_REQUIRED ACTION_
Retype, word for word, every line starting at the line with "kit 12 pc Pulseira" and ending with the final line of the entries; skip the pictures.

_SOURCE RECORDS_
***
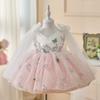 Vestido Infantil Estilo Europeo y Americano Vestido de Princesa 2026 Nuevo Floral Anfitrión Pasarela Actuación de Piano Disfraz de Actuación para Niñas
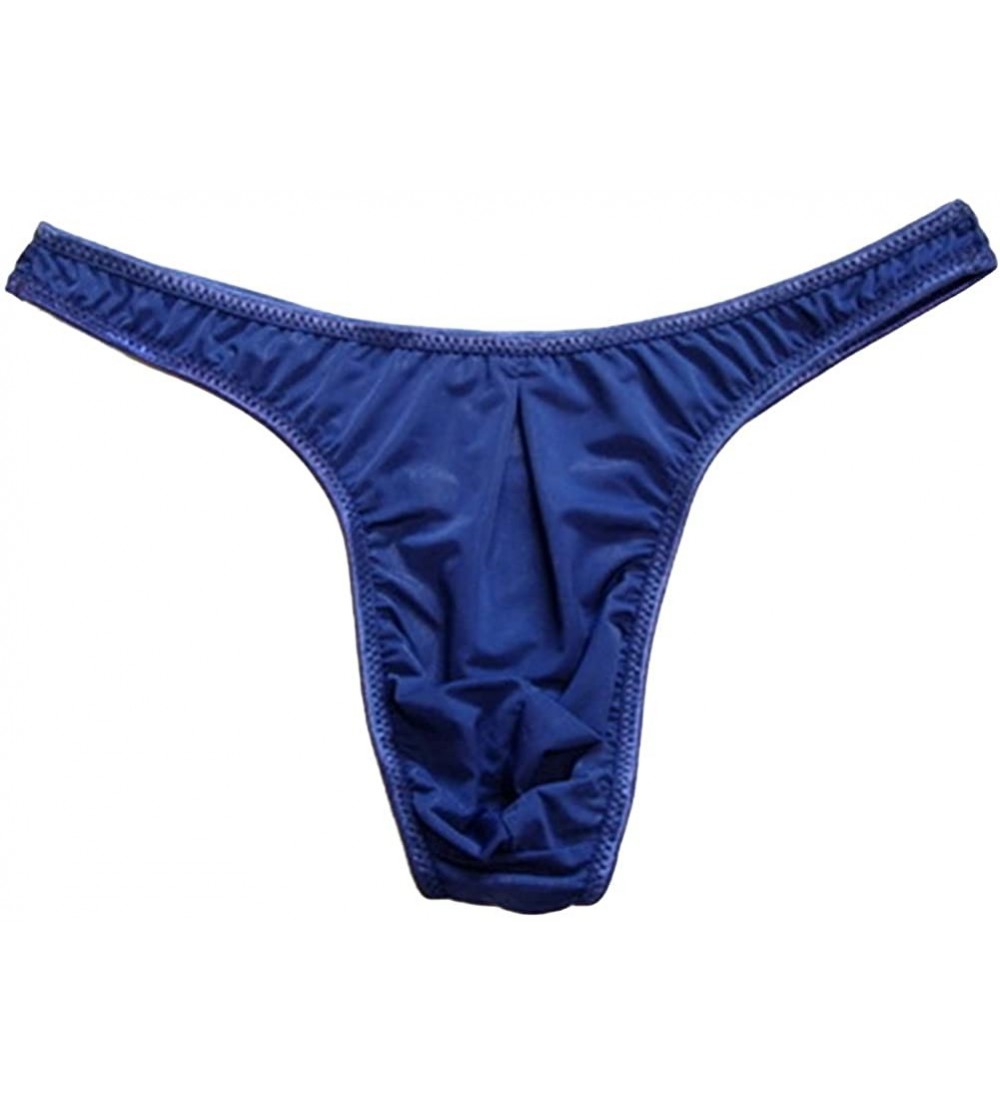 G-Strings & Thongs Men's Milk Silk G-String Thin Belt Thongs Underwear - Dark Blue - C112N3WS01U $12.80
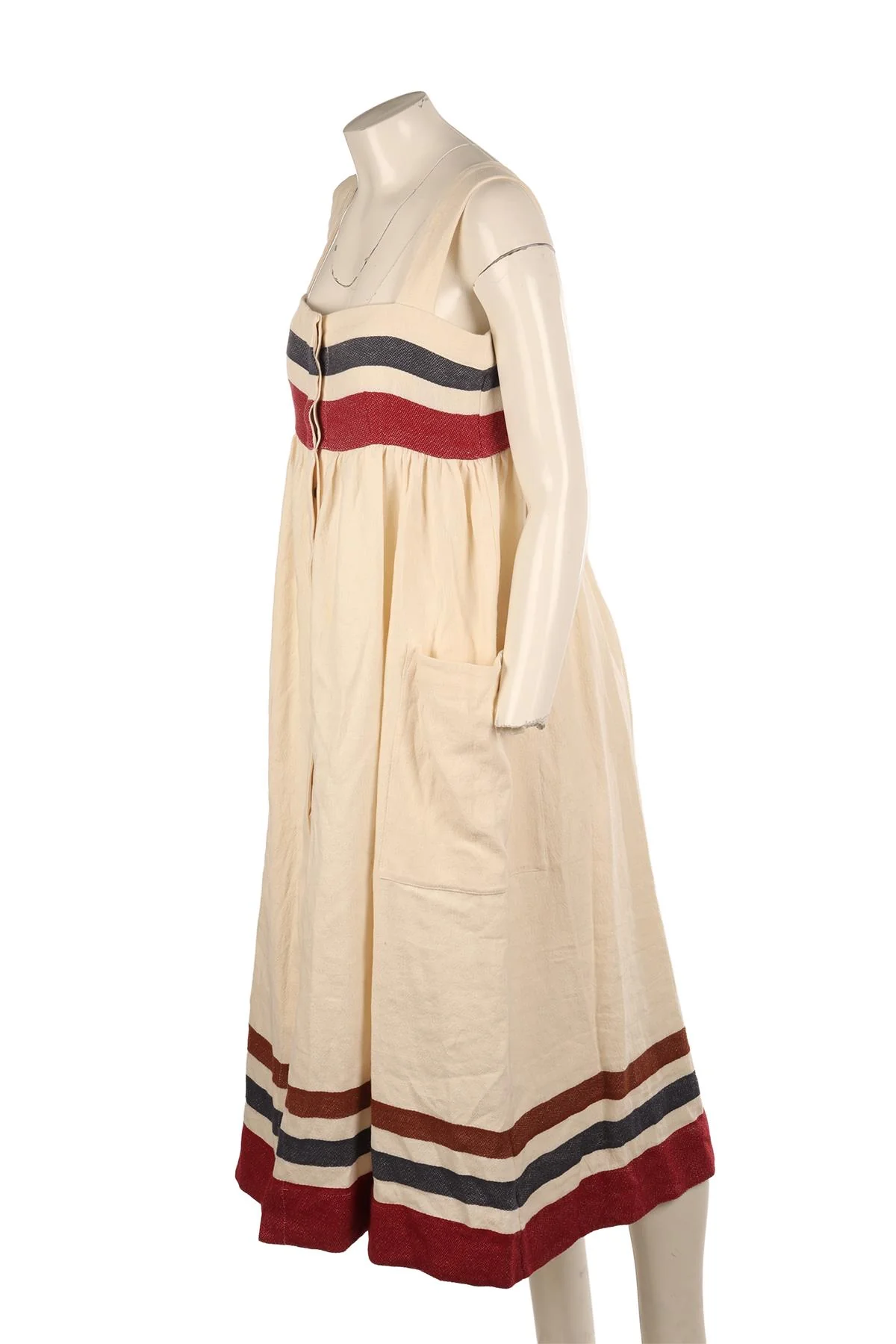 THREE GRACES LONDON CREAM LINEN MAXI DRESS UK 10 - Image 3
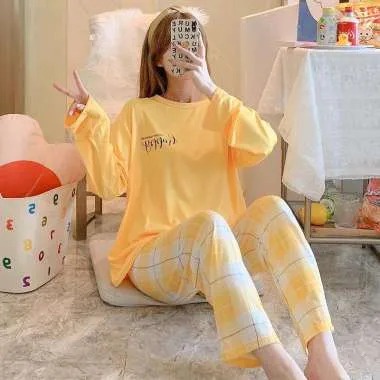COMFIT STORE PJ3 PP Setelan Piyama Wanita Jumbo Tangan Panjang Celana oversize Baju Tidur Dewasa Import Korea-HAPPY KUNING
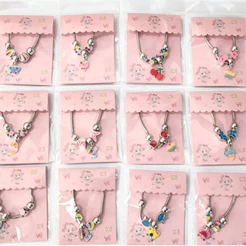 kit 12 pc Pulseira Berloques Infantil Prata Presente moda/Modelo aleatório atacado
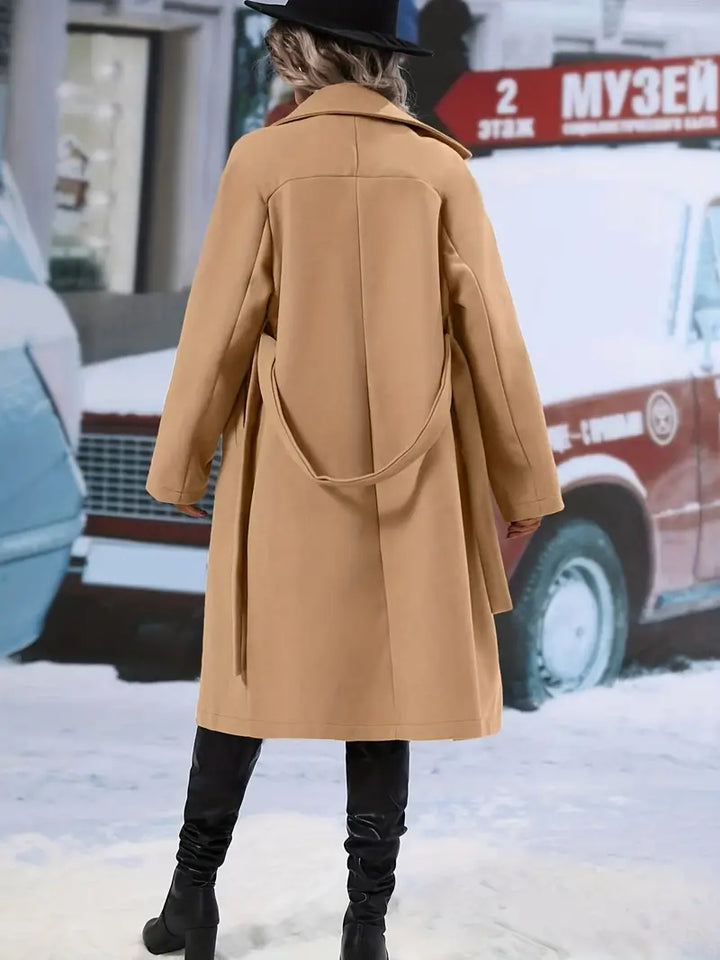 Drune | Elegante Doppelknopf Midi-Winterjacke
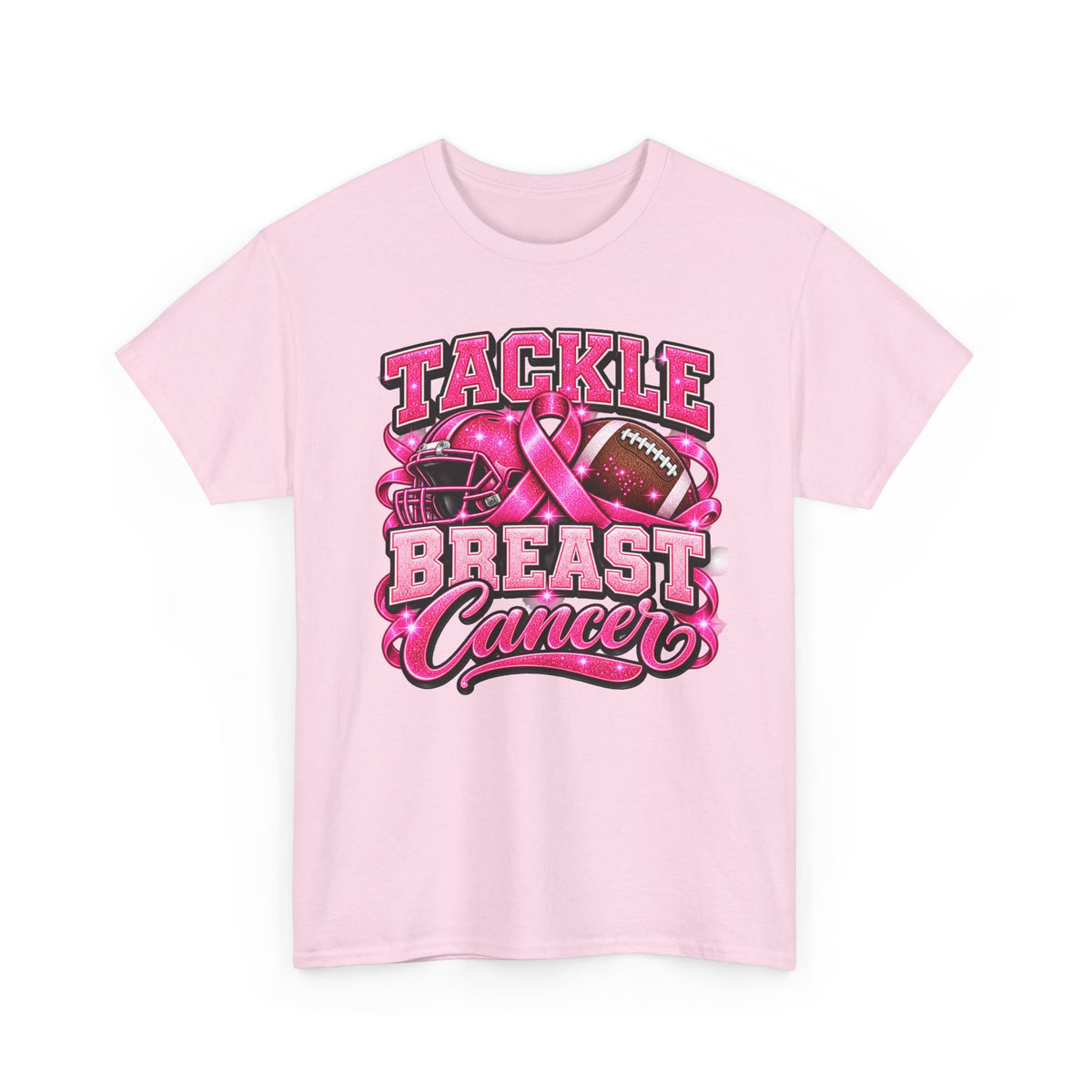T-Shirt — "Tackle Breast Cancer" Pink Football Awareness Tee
***
_EXERCISE RESULT_
 kit 12 pc Pulseira Berloques Infantil Prata Presente moda/Modelo aleatório atacado
 Drune | Elegante Doppelknopf Midi-Winterjacke
T-Shirt — "Tackle Breast Cancer" Pink Football Awareness Tee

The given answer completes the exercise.